After the incident with the cat peeing on my Surface, and wrestling with a used replacement Surface, I wanted a new computer for my work on books (writing, editing, formatting, creating covers, creating advertisements, etc). The computers I was working on were over three years old, and I could see their end-of-life coming soon.
So, confronted with a $500 off sale on out-of-box Galaxy Book 3 Ultra, we bought it. After a day of playing with it, I have a few observations:
- Out of the box, it’s heavy. The specs said 4 lbs, but they forgot to mention the weight of the power brick, which is a metal power adaptor that, if thrown, could kill someone.

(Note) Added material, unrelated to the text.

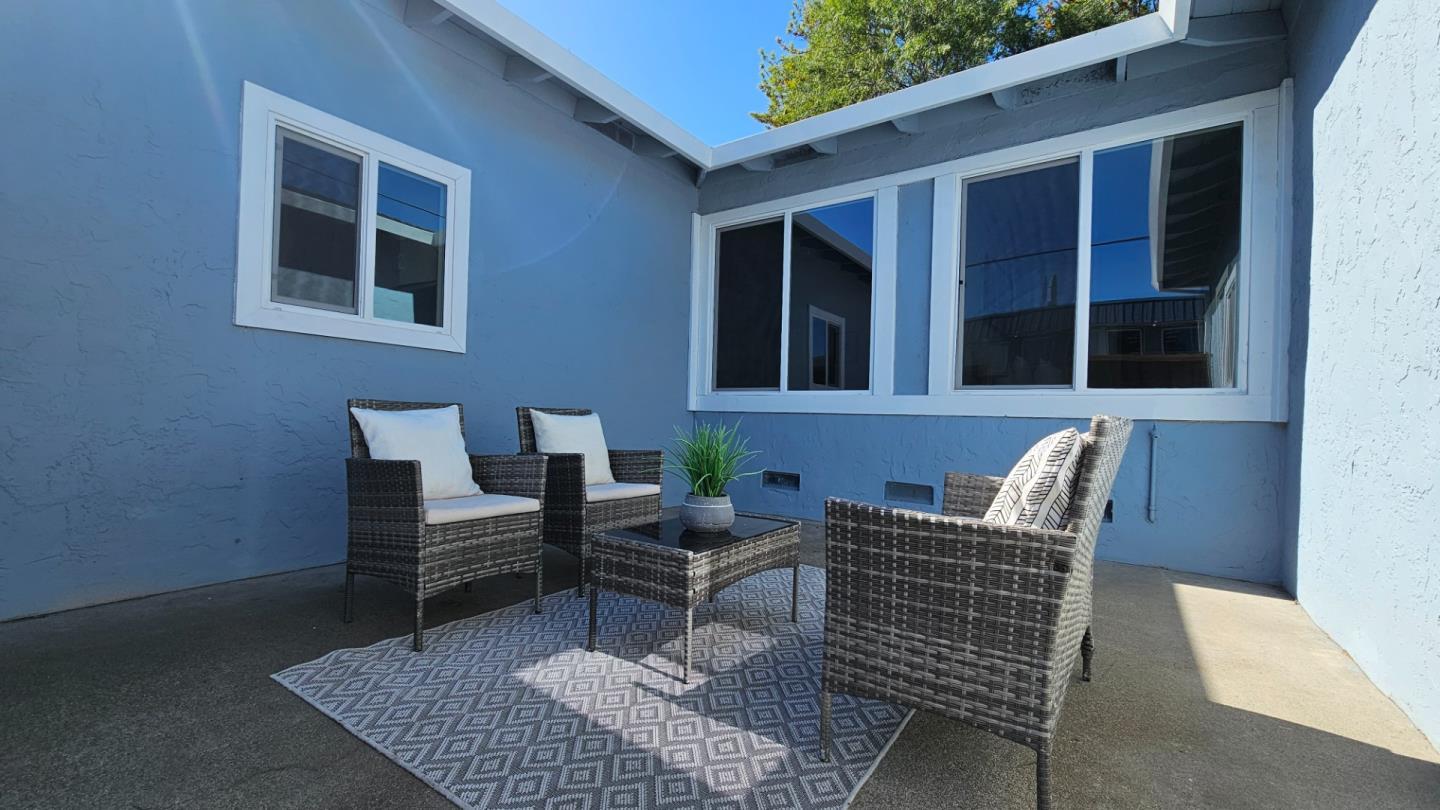 Detail Gallery Image 5 of 49 For 1579 Branham Ln, San Jose,  CA 95118 - 4 Beds | 4 Baths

It is apparently lighter than its direct competitors (mid-level suitable for most graphics tasks).
- It has one TB storage and an i7 processor. And a graphics card. So it’s set up for the graphics I do (designing book covers and advertisements). I might push my knowledge base further and see what else these graphics are good for (within my meager ability).
- The screen has visually stunning clarity. The book covers my niece designed for me positively glow on it. I’m hoping this clarity reduces eyestrain.

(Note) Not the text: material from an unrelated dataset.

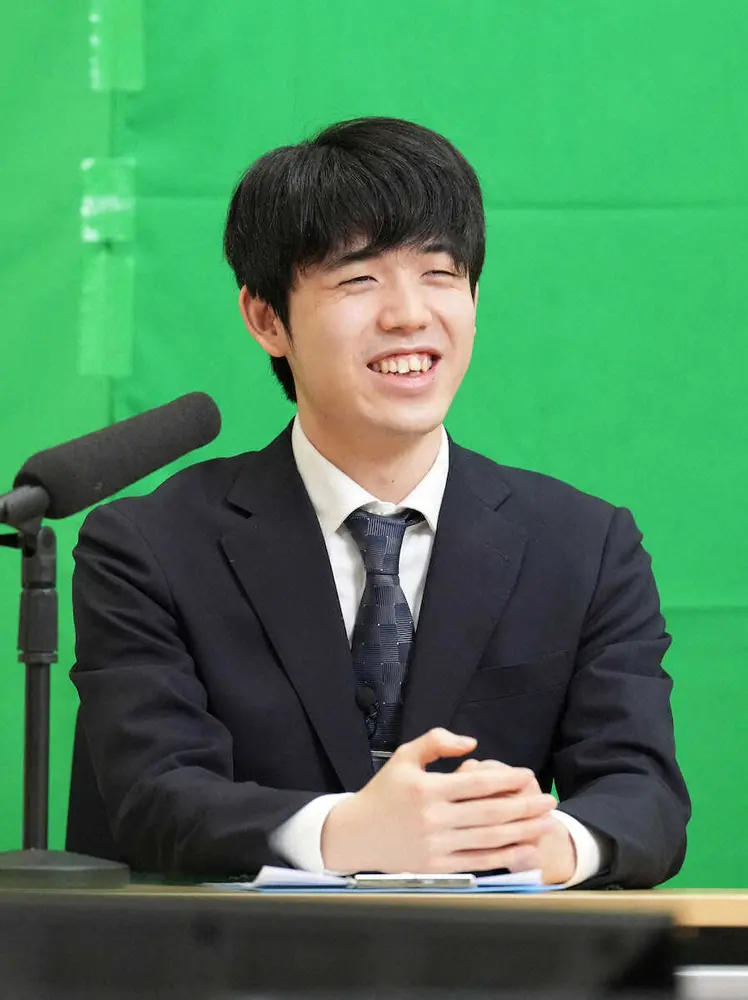 藤井王将「王将戦はポップな面もある棋戦」勝者の記念撮影について語る　今年第1局は「鳥の圧を感じた」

- It’s fast. See also i7 processor. (I suppose I could have gotten the i9 model, but it’s too expensive and I don’t know if my skill level deserves that power).
- It doesn’t have a touchscreen. Why would it? It’s not a tablet like my Microsoft Surface was. To be honest, I never used my Surface as a tablet. But I used the touchscreen when the Surface got one of its occasional glitches.
So far, so good. No weird glitches (as I have suffered with a few times on the Surface.) Working smoothly. Looks great.
Time for me to go play with it some more.